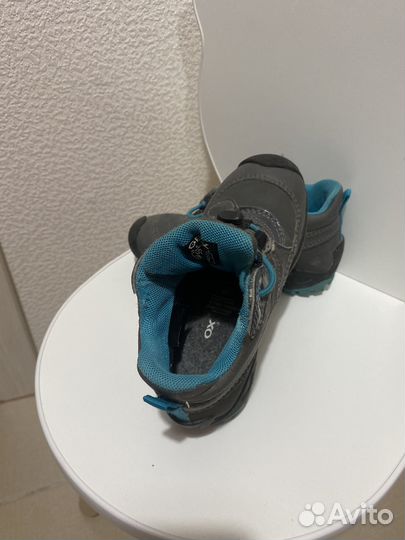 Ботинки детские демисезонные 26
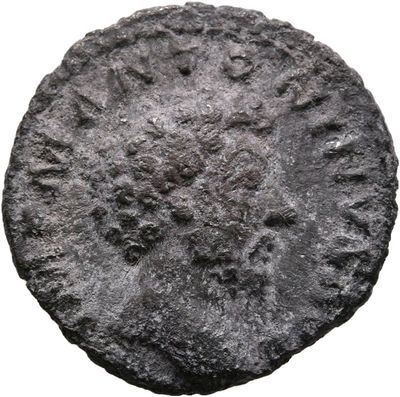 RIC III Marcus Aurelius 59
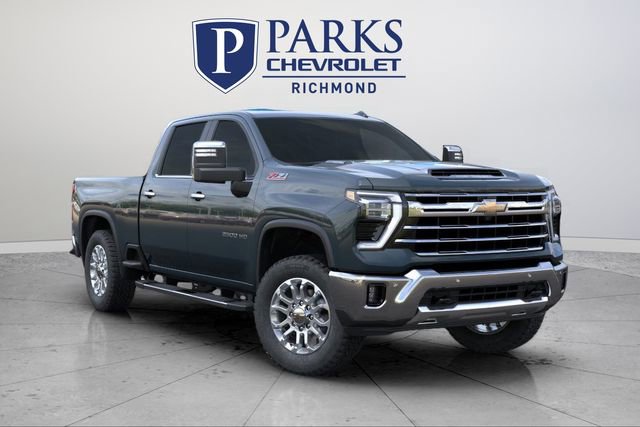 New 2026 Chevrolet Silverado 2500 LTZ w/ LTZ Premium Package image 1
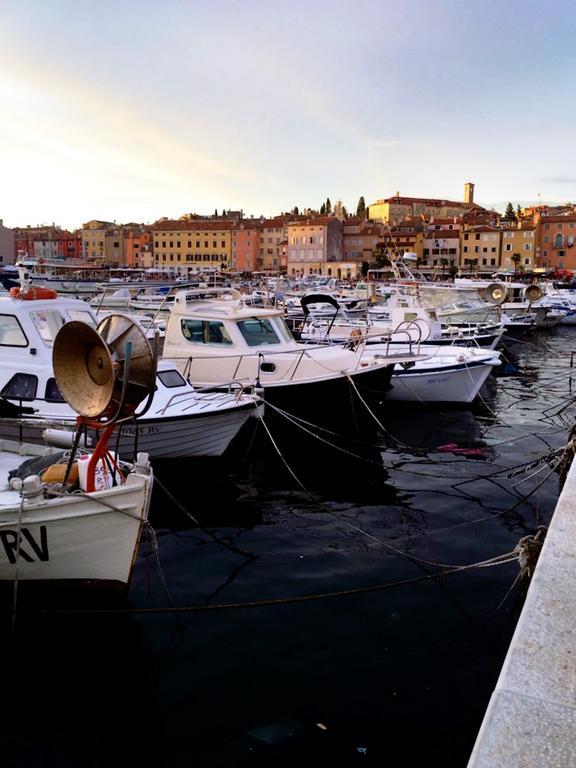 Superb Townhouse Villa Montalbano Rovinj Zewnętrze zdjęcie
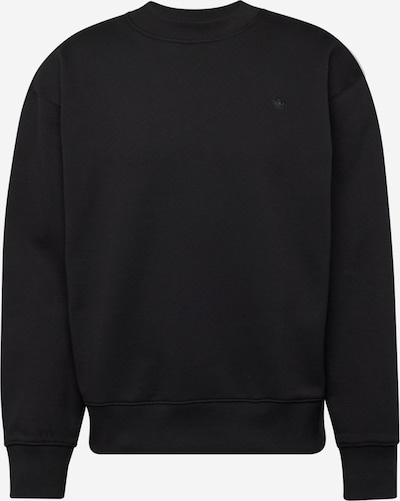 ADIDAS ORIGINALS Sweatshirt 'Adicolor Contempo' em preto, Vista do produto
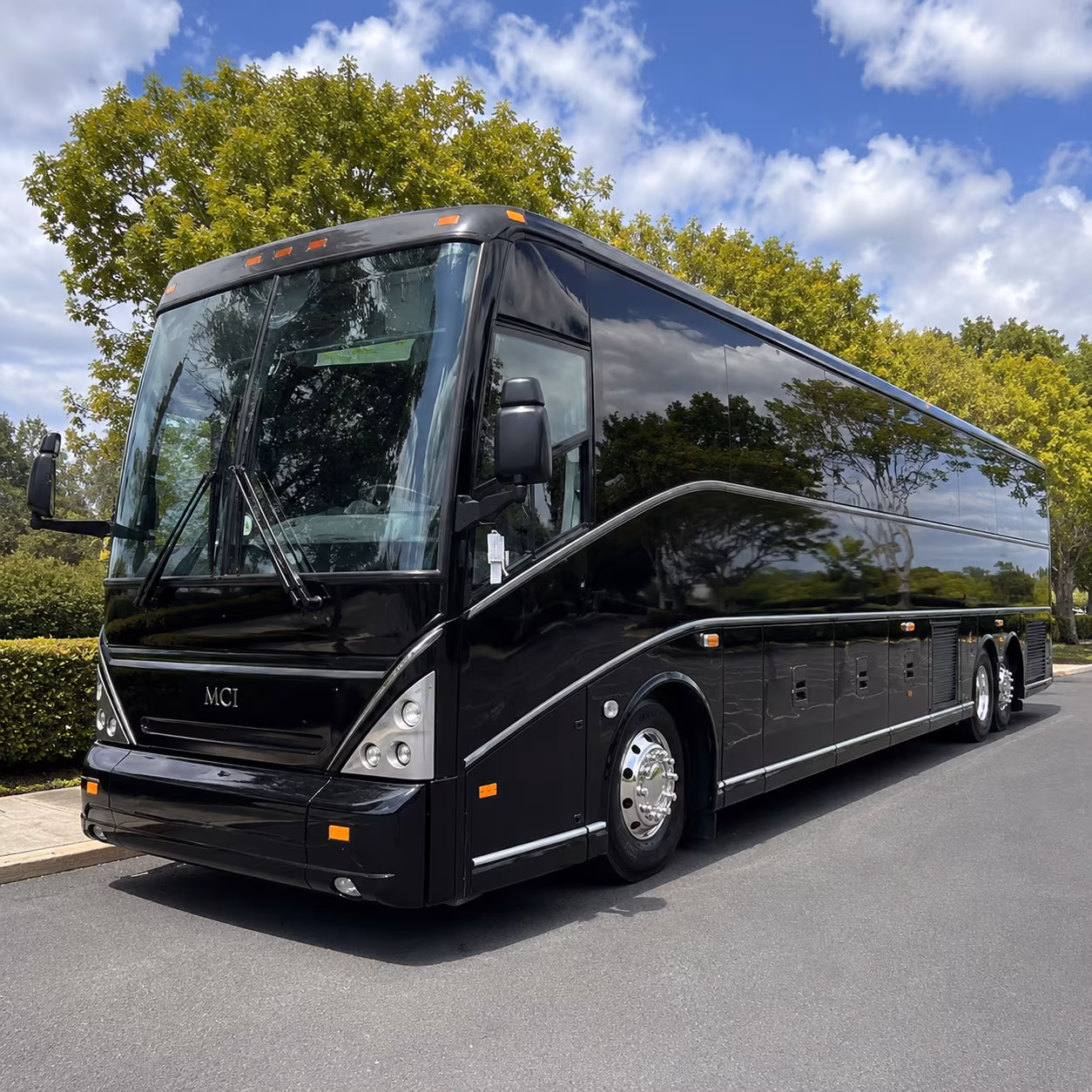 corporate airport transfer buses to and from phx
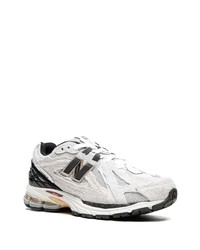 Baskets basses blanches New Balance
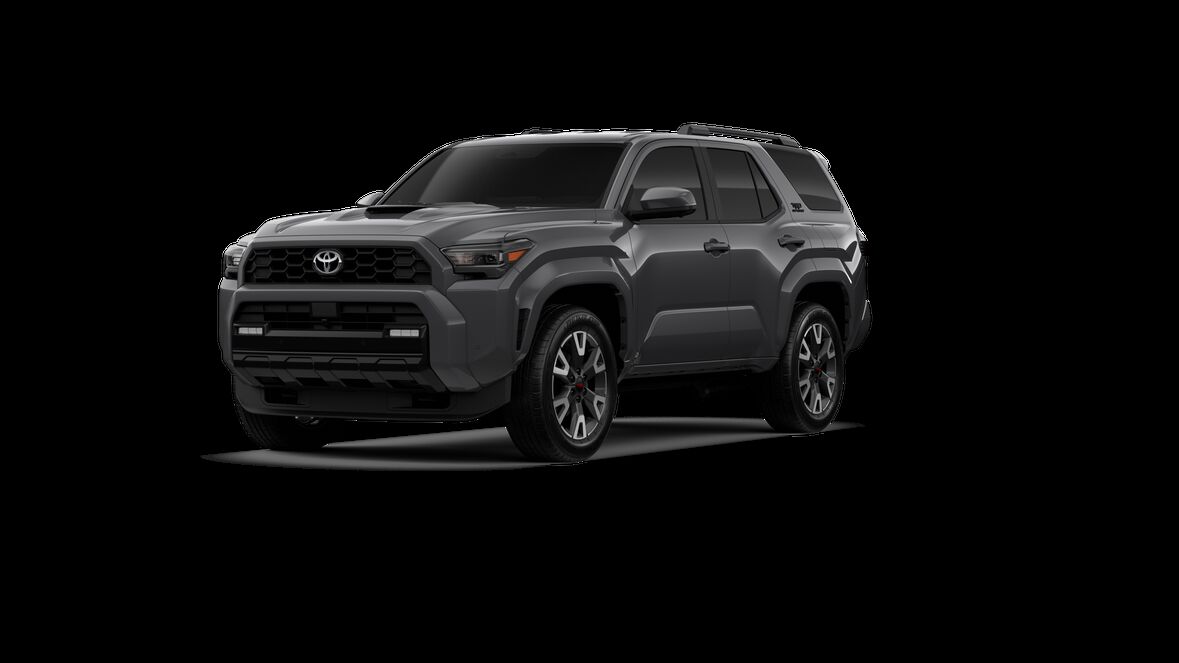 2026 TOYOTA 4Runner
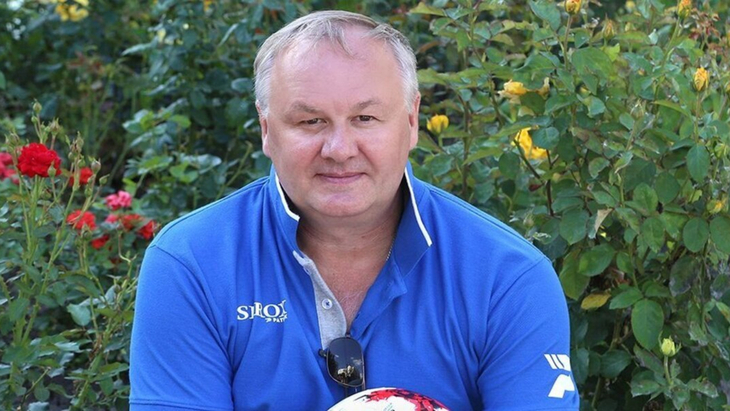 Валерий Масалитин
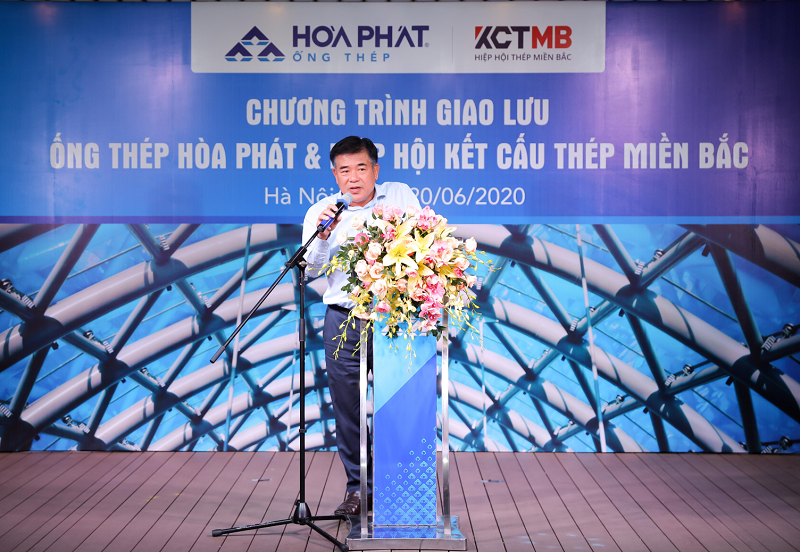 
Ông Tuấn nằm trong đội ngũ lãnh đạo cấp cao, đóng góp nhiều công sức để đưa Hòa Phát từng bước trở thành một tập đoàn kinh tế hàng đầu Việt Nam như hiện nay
+++++
▸ What the task asks: Nothing should appear in the answer except the lines from the one containing "corporate airport transfer" through the last line of the listing, given again exactly and with no pictures.

▸ Result of this exercise:
 corporate airport transfer buses to and from phx
 Baskets basses blanches New Balance
 2026 TOYOTA 4Runner
 Валерий Масалитин
Ông Tuấn nằm trong đội ngũ lãnh đạo cấp cao, đóng góp nhiều công sức để đưa Hòa Phát từng bước trở thành một tập đoàn kinh tế hàng đầu Việt Nam như hiện nay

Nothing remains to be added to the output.